Does anyone feed these to help with keeping teeth clean? I am admittedly afraid of raw feeding for two reasons both likely completely invalid lol but still....one im a germphob and the when I cook chicken for example I am over the top with precaution so it worries me about the transfer of germs etc and second I am worried about the bones causing issues with choking, teeth, impaction whatever I am aware it is done successfully and of all the benefits for my dog but I just have not ever been able to get my head around it. However a friend suggested these as I was complaining my three year old boy is starting to get a little tartar in back etc. It "sounded" less scary as far as they are much smaller and simpler to manage than say necks or backs etc but can someone who knows about raw advise do these have any real benefit to his teeth? Has anyone had any issues feeding them? Or any successes with them? Just like to here from folks who do use them and why etc?

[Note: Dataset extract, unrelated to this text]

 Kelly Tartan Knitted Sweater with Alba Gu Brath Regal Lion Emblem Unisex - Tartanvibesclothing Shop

Or if anyone has any other ideas I could use as treats/in between meals that might help? I brush his teeth but the only other thing he chews on are rope toys or Durable Nylabones which I throw everything out as soon as it starts to wear much at all (worrier!) Thanks so much!


----------



## asuk (Jan 6, 2017)

I feed them and also a host of other raw bones. It has definitely does my mini's teeth well since he doesn't have bad breath and I have never brushed his teeth.

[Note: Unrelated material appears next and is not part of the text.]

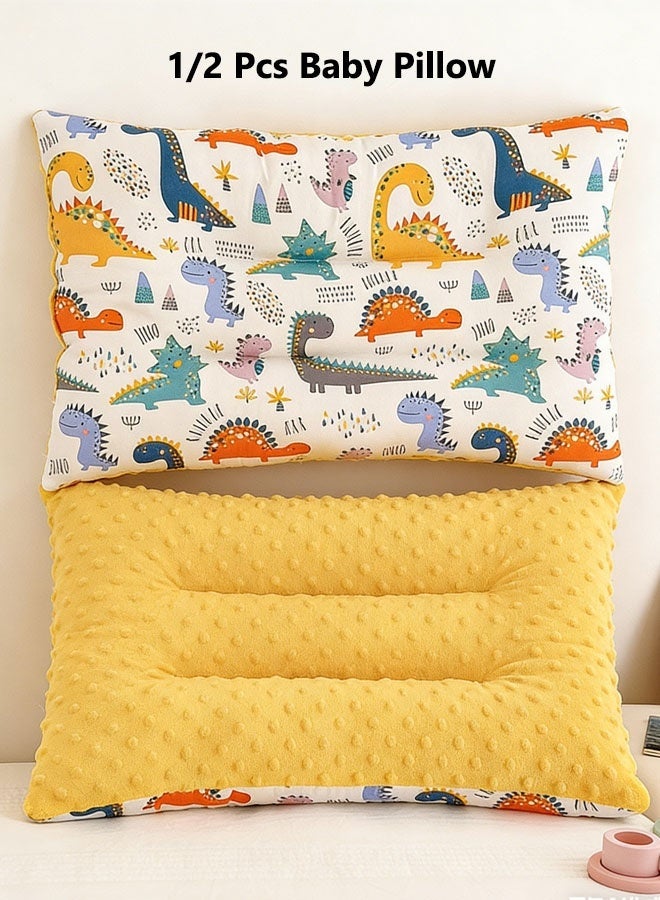Baby Pillow, 1/2 Pcs Cotton Soothing Touch Granular Velvet Pillow, Pure Cotton Pillow Core, Baby Nap Pillow, Cartoon Print Pattern, Active Printing And Dyeing Process, Removable And Washable - Image 1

That said, a bully stick will also do the job if you are a germaphobe. It's probably best not feed raw bones if you are icky over it. I have trained mine to eat it on a specific mat and he doesn't move out of this mat when he eats it. He also just waits there when he is done, and I wash his paws and face. 

You have to make sure he doesn't gulp the bones, some dogs tend to do this.


----------



## lily cd re (Jul 23, 2012)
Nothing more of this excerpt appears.